To add onto it, she was basically picked because the other potential candidate was a little too good at being a politician, and campaigned for the position without Beijing’s blessing.
Best of luck to the HK people. I called it home for better part of 2 years. I lived in Wan Chai on Hennessy rd near the computer center.
Plenty of atrocities committed - people being shipped off in train cars reminiscent of pre-WWII photos that I have only learned about in school.
Best wishes.
[EDIT]
I agree I should have said alleged atrocities. Sadly, hardly anyone left in HK is impartial but hopefully independent enough investigations are opened.
It is not a good look loading anyone in trains who is captive. True, we don't know where they're headed, could be fine - it's a bad look given the situation.
"people being shipped off in train cars reminiscent of pre-WWII photos that I have only learned about in school."
There is absolutely no corroborated evidence whatsoever that this happened. Just like the alleged rapes. I'm not saying that these things did not happen, but absolutely no credible evidence on these claims up until now.
There is video and photo evidence from multiple sources on Twitter. There have been extensive reports of victims like British consulate worker Simon Cheng being abducted to the mainland and being tortured. Obviously there wont be any "corroboration" from the PRC state security agency or police...
"There have been extensive reports of victims like British consulate worker Simon Cheng being abducted to the mainland and being tortured."
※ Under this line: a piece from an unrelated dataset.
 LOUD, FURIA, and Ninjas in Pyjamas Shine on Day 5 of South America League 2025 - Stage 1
Did you even see his interview with the BBC? Legally would not say anything about his hiring of prostitutes. No medical evience of the torture he claimed. The only hard evidence that was provided were CCTV tapes of him going into local massage joint. You would think that if he didn't obtain the services of sex workers he would come out and say it. Interesting that the British also let him go.
I've seen those videos. You have to be kidding if that's sufficient evidence to say they are being shipped off to Chinese black camps. As for the alleged rapes - the evidence is even more lacking. The primary source used is a facebook account using a pseudonym who claims he's an emergency doctor who then says he "swears" that he's telling the truth.
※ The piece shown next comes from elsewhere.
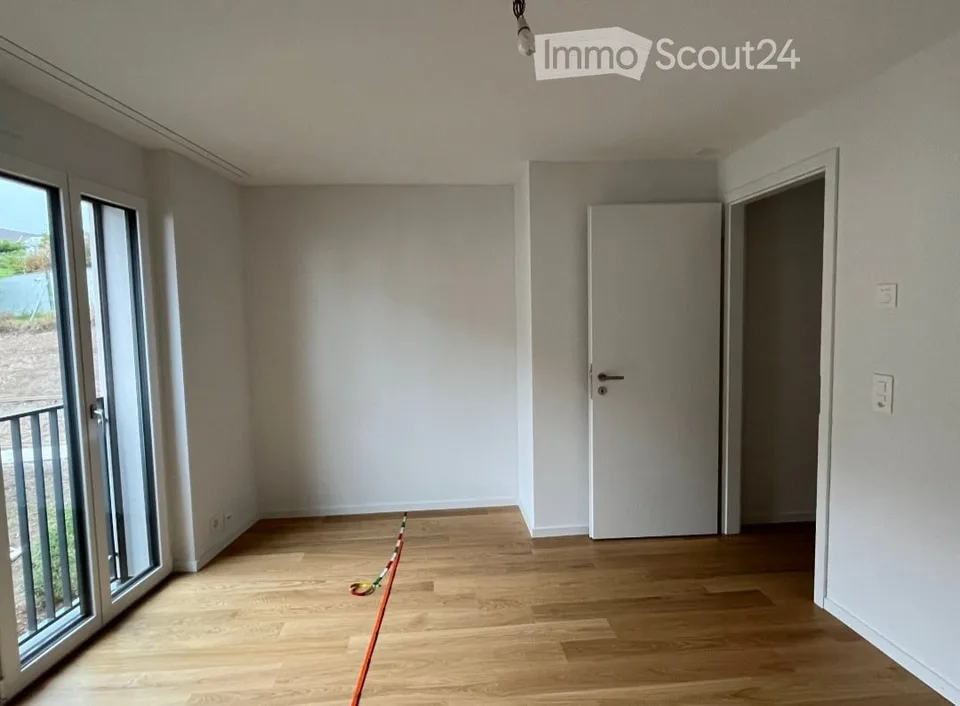 Apartment 2.5 for rent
Everyone needs to be held to a basic standard of logic and scrutiny, not a double standard simply because one might agree with the ideals of a group. There are numerous ludicrous claims on the government and police side. But the same stands for protesters as well.
That massage joint is quite popular with HK locals. We cross the border and get hotpot and cheap (legitimate) massages. I've been there for a few times. Most of the masseuses are middle aged men and women.
No, there isn't. Look at https://twitter.com/osinthk, they do a really good job getting to the bottom of this stuff.
Cheng was not abducted to the mainland; he was arrested on the mainland side of the boundary crossing at the high-speed rail station in Kowloon, coming back from Shenzhen. The fact that there's a border crossing in downtown Hong Kong is its own issue, but his case can't be called an abduction (unlike the case of the booksellers a few years ago).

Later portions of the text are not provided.